Anche in relazione alla valutazione delle dichiarazioni testimoniali della R. – che aveva riferito di avere visto dalla finestra di casa sua la vittima litigare animatamente e violentemente con l’imputato e, in un momento successivo, salire in macchina spontaneamente con lui e il suo complice – la Corte ha fornito una motivazione sufficiente e logicamente coerente. Ha precisato, infatti, che tali dichiarazioni sono da ritenere credibili nella parte in cui confermano le linee essenziali della dinamica del fatto;

sono, invece, da ritenere non probanti quanto al consenso della persona offesa a salire a bordo della macchina: e ciò, sia perchè tale seconda circostanza era stata apprezzata da una distanza maggiore della prima; sia perchè contrastava con il dettagliato racconto della persona offesa; sia perchè l’eventuale consenso a salire in macchina prestato da quest’ultima non avrebbe in ogni caso potuto giustificare il successivo consenso ad un rapporto sessuale a tre.

Quanto, poi, alla pretesa mancanza di segni e tracce della violenza sul corpo della vittima, va rilevato che la sentenza censurata smentisce – con motivazione pienamente sufficiente e coerente – tale circostanza, laddove precisa: da un lato, che dalla visita ginecologica effettuata emergono strie eritematose in regione lombare, compatibili con la violenza subita all’interno dell’auto e una lacerazione della mucosa anale compatibile con la penetrazione con un dito da parte del complice dell’odierno imputato; dall’altro lato, che tali evidenze rendono del tutto ininfluente l’assenza di abrasioni o lacerazioni e l’esito negativo del tampone vaginale.

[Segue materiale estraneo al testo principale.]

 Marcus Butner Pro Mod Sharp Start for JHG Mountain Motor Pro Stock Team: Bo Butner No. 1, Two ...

3.2. – Il motivo sub 2) – con cui si deduce l’erronea applicazione dell’art. 609-octies c.p.p., sul rilievo che la violenza sessuale di gruppo dovrebbe presupporre la partecipazione di più di due soggetti – è manifestamente infondato.

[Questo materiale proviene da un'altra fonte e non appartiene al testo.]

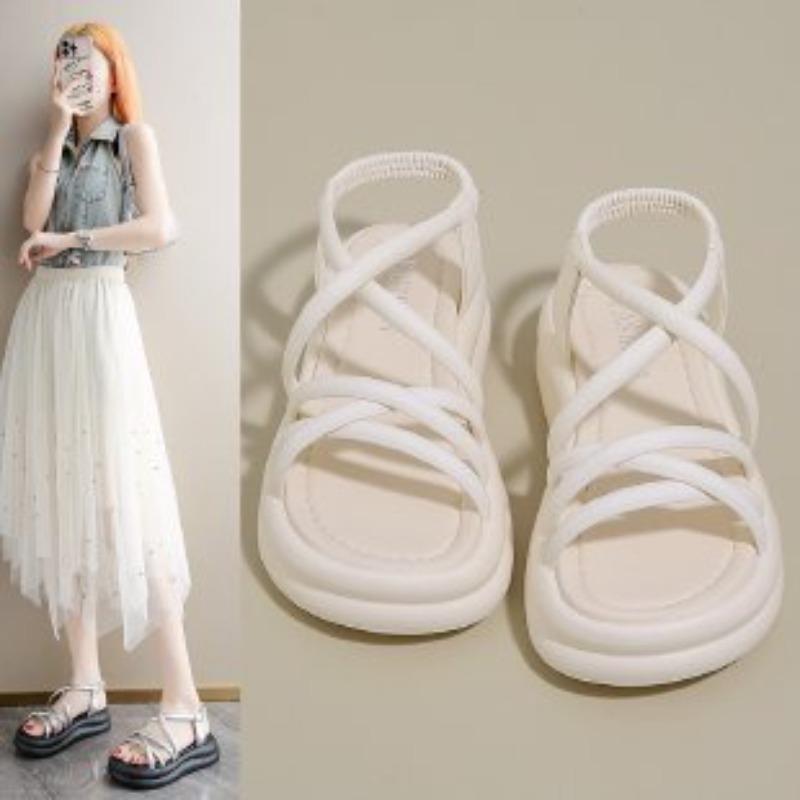 Platform sandals women's new summer outer wear soft sole not tired feet beach shoes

Dalla semplice lettura della disposizione incriminatrice emerge, infatti, che essa punisce gli atti di violenza cui partecipano "più persone", dove per "più" deve evidentemente intendersi "più di una" (ex plurimis, Sez. 3, 13 gennaio 2003, n. 1860).

3.3. – Del pari manifestamente infondato è il motivo di ricorso sub 3), relativo al mancato riconoscimento della sussistenza dell’ipotesi di minore gravità, considerata la precorsa relazione sentimentale della persona offesa con l’imputato. La giurisprudenza di questa Corte ha, infatti, da tempo chiarito che l’ipotesi attenuata di cui all’art. 609-bis non può trovare applicazione per la violenza sessuale di gruppo, sia per la sua collocazione sistematica nell’articolo che punisce la violenza sessuale individuale, sia perchè essa è – anche nelle intenzioni del legislatore – logicamente incompatibile con la maggiore gravità della fattispecie di cui all’art. 609-octies (Sez. 3, 12 ottobre 2007, n. 42111; Sez. 3, 24 ottobre 2001, n. 502/2003). Tale consolidata interpretazione del sistema è stata, peraltro, ritenuta conforme al principio di ragionevolezza di cui all’art. 3 Cost. dalla sentenza della Corte costituzionale n. 325 del 2005. 3.4. – Con il quarto motivo di ricorso si lamenta il mancato riconoscimento della sussistenza del ravvedimento operoso di cui all’art. 62 c.p., n. 6), sul rilievo che la Corte non avrebbe considerato che l’imputato si era adoperato per evitare che il coimputato avesse con la vittima un rapporto penetrativo.

Anche tale motivo è manifestamente infondato, perchè semplicemente diretto a contestare in punto di fatto la motivazione della sentenza censurata; motivazione che appare, sul punto, pienamente sufficiente e coerente, perchè precisa che la violenza di gruppo si era già ampiamente consumata, anche con atti materialmente posti in essere dal correo, prima che il correo stesso chiedesse all’imputato di potere avere anche lui un rapporto penetrativo con la persona offesa.

4. – Ne consegue il rigetto del ricorso, con condanna del ricorrente al pagamento delle spese del procedimento.

P.Q.M.

Rigetta il ricorso e condanna il ricorrente al pagamento delle spese processuali.

Testo non ufficiale. La sola stampa del bollettino ufficiale ha carattere legale.